- Your goal -
Your task is to repeat the entries underneath exactly, minus the pictures.

(Stored items)
-- Opening Marker --

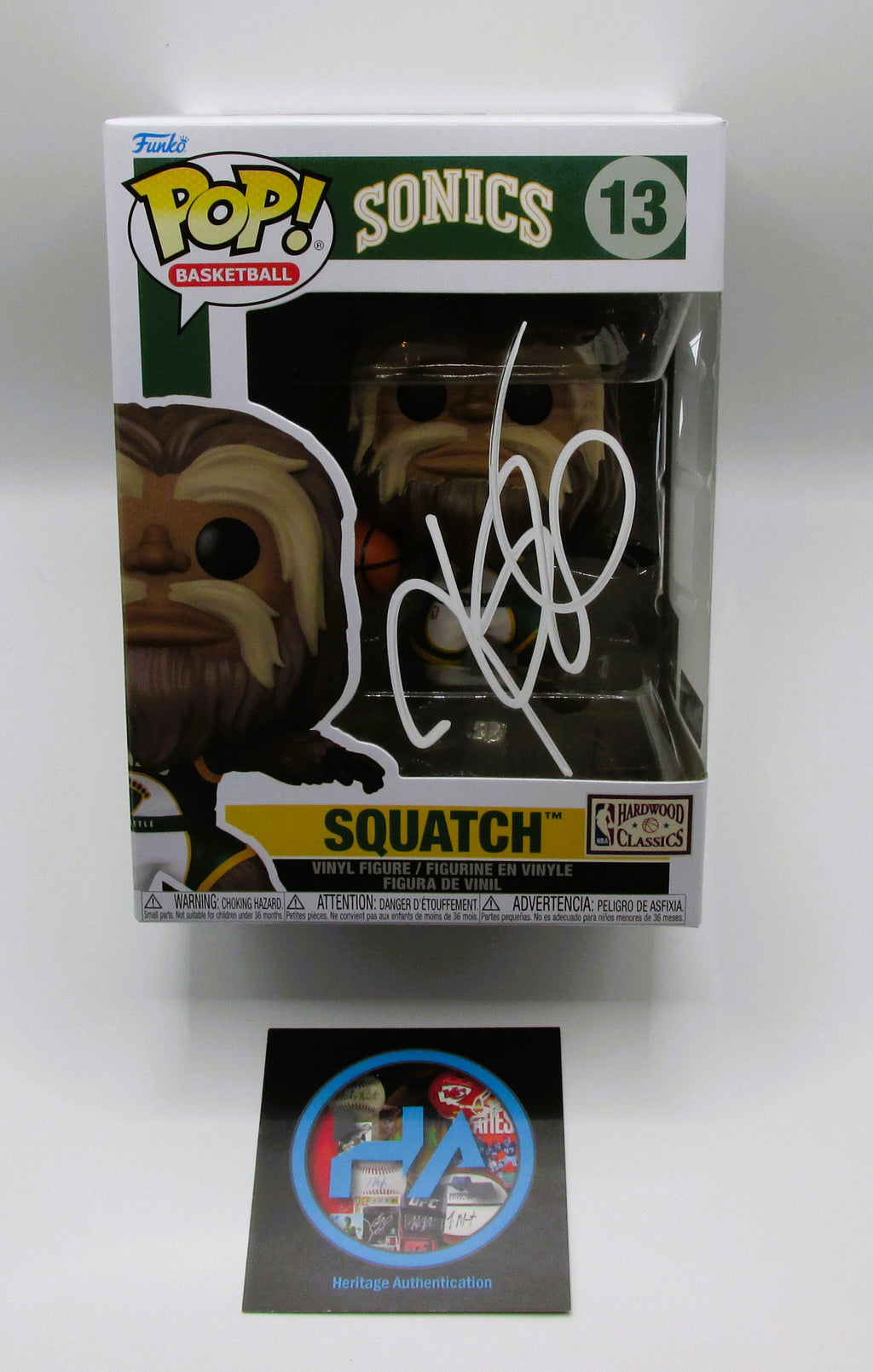 Kevin Durant Signed Funko In Case With COA (152316) (Sonics)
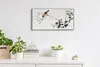 Wohnzimmer-Bild Leinwand Uhr 60x30 Malerei Asiatischer Tier Produktbild-Vorschau 3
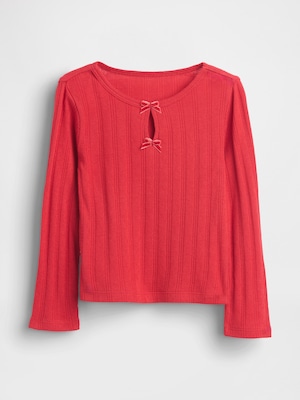 ポインテール リボントップス (幼児・ベビー)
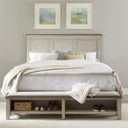 The appearance of Ivy Hollow Weathered Linen And Dusty Taupe Queen Storage Panel Bed designed by Liberty in the transitional interior design. This cream piece of furniture was selected by 1StopBedrooms from Ivy Hollow Collection to add a touch of cosiness and style into your home. Sku: 457-BR13;457-BR14FS;457-BR90. Bed Type: Panel Bed. Bed Size: Queen. Material: Poplar Solid.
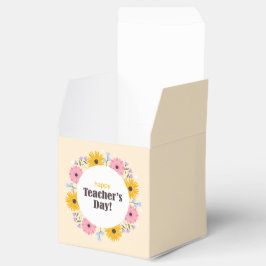 Caixinha De Lembrancinhas Feliz Dia dos Professores Flores Silvestres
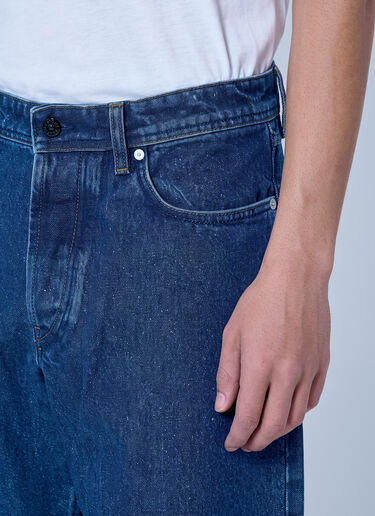 LN-CC® - Stone Island: Five-Pocket Straight-Leg Jeans - Blue Stone Island Five-Pocket Straight-Leg Jeans Blue sto0165109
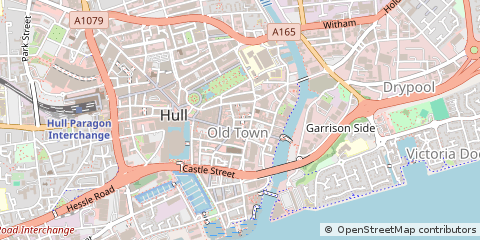 Map of Hull, East Yorkshire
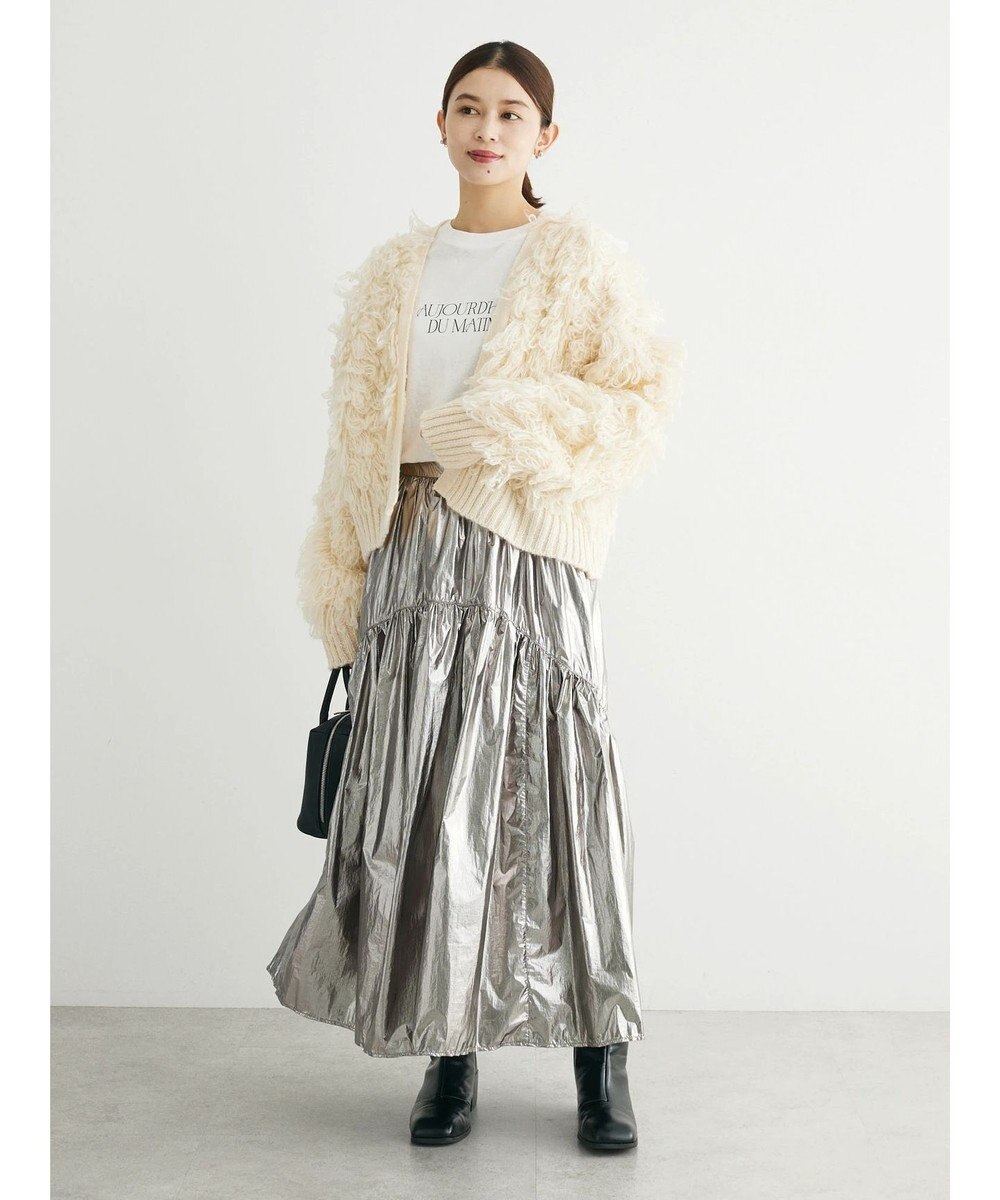 Green Parks ・ＥＬＥＮＣＡＲＥ　ＤＵＥ　メタリックティアードスカート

-- Closing Marker --

- Result -
 Kevin Durant Signed Funko In Case With COA (152316) (Sonics)
 Wohnzimmer-Bild Leinwand Uhr 60x30 Malerei Asiatischer Tier Produktbild-Vorschau 3
 ポインテール リボントップス (幼児・ベビー)
 The appearance of Ivy Hollow Weathered Linen And Dusty Taupe Queen Storage Panel Bed designed by Liberty in the transitional interior design. This cream piece of furniture was selected by 1StopBedrooms from Ivy Hollow Collection to add a touch of cosiness and style into your home. Sku: 457-BR13;457-BR14FS;457-BR90. Bed Type: Panel Bed. Bed Size: Queen. Material: Poplar Solid.
 Caixinha De Lembrancinhas Feliz Dia dos Professores Flores Silvestres
 LN-CC® - Stone Island: Five-Pocket Straight-Leg Jeans - Blue Stone Island Five-Pocket Straight-Leg Jeans Blue sto0165109
 Map of Hull, East Yorkshire
 Green Parks ・ＥＬＥＮＣＡＲＥ　ＤＵＥ　メタリックティアードスカート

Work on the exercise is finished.